= PROBLEM DETAILS =
Give an exact reproduction of the lines from the one with "Charming single-story home" to the final line of the entries below, both ends included, and omit the pictures.

= Dataset excerpts =
»»
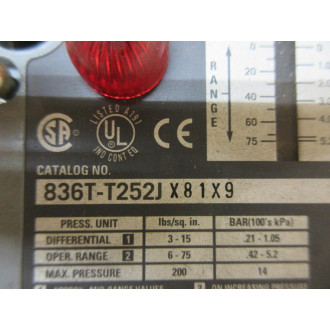 Allen Bradley 836T-T252JX81X9 Pressure Switch 836TT252JX81X9 - New No Box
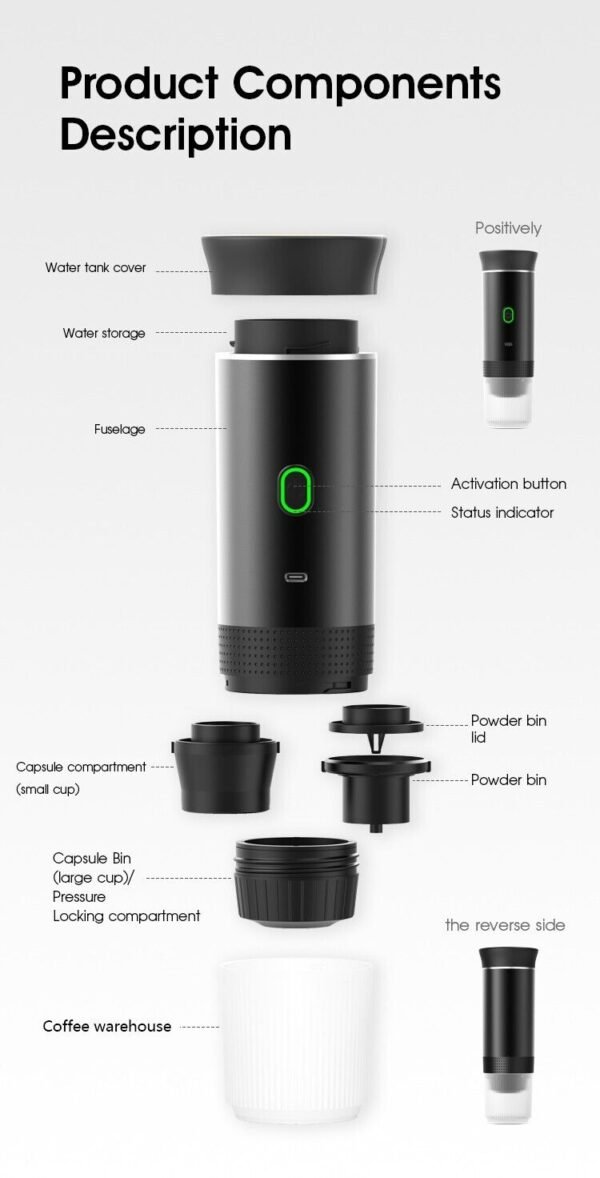 Wireless Electric Portable Espresso Coffee Machine for Car & Home Camping Coffee - Image 14
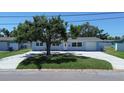 Charming single-story home featuring a large tree and a well-manicured front lawn at 3841 Wahoo Se Dr, St Petersburg, FL 33705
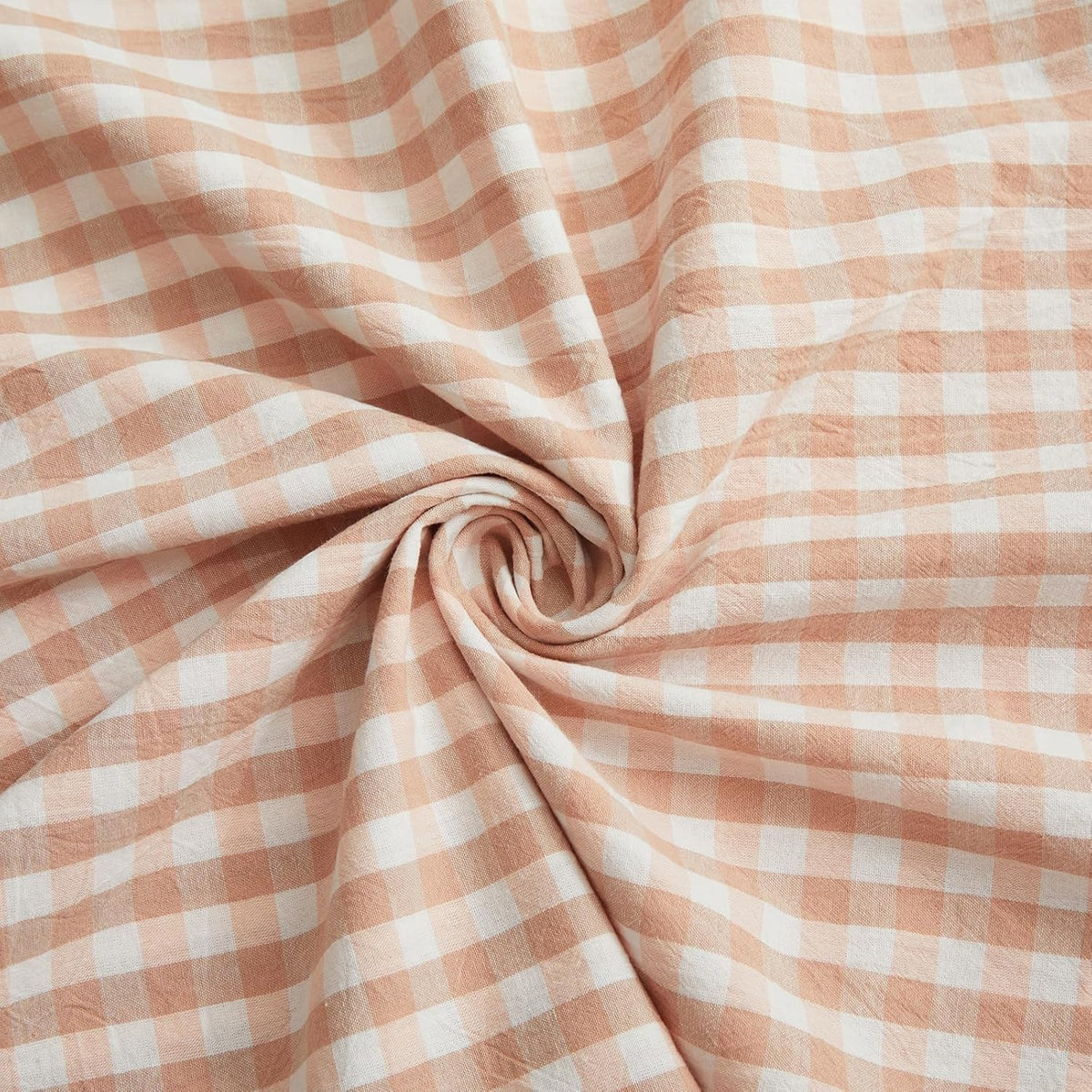2 Pcs Ruffle Gingham Pillow Covers 20" x 20", Light Pink Plaid
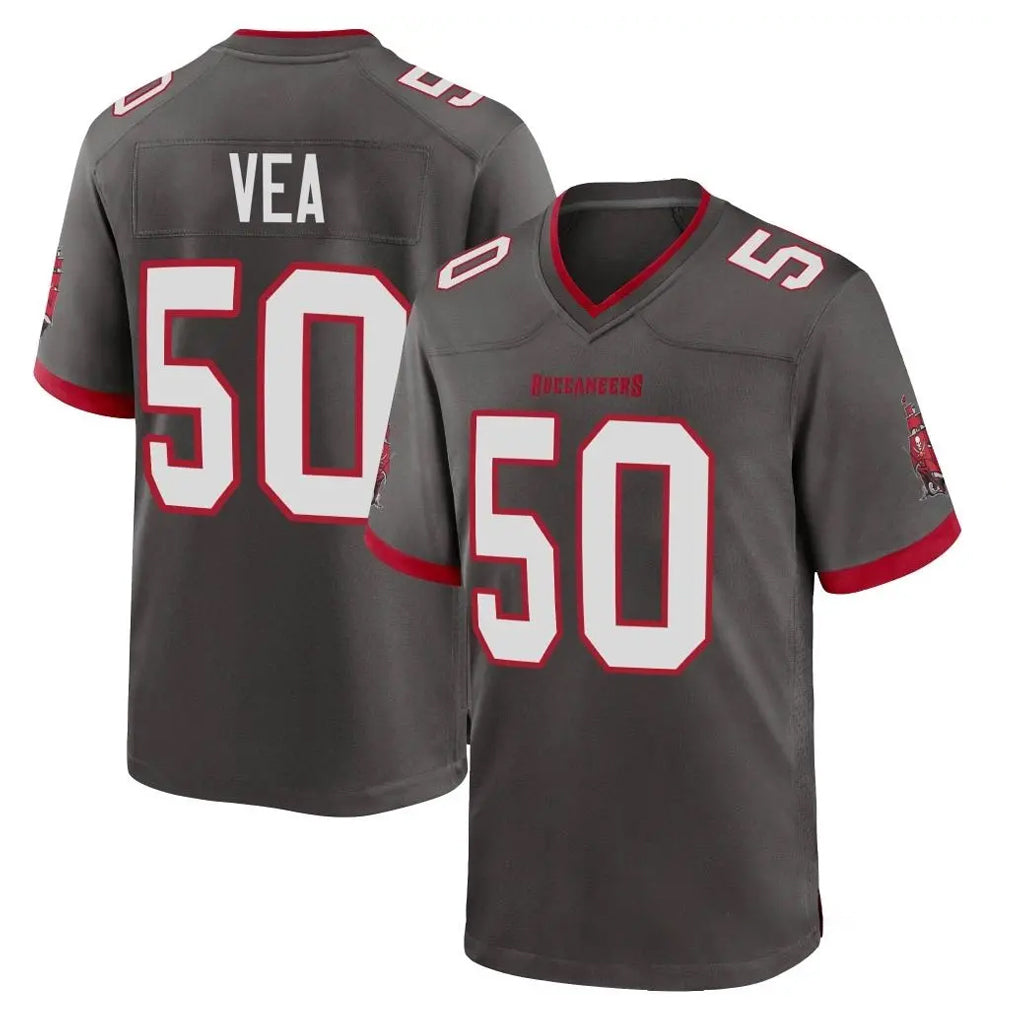 Kooe TB.Buccaneers #50 Vita Vea Player Pewter Alternate Home Game Stitched Jerseys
««
= TASK OUTPUT =
 Charming single-story home featuring a large tree and a well-manicured front lawn at 3841 Wahoo Se Dr, St Petersburg, FL 33705
2 Pcs Ruffle Gingham Pillow Covers 20" x 20", Light Pink Plaid
 Kooe TB.Buccaneers #50 Vita Vea Player Pewter Alternate Home Game Stitched Jerseys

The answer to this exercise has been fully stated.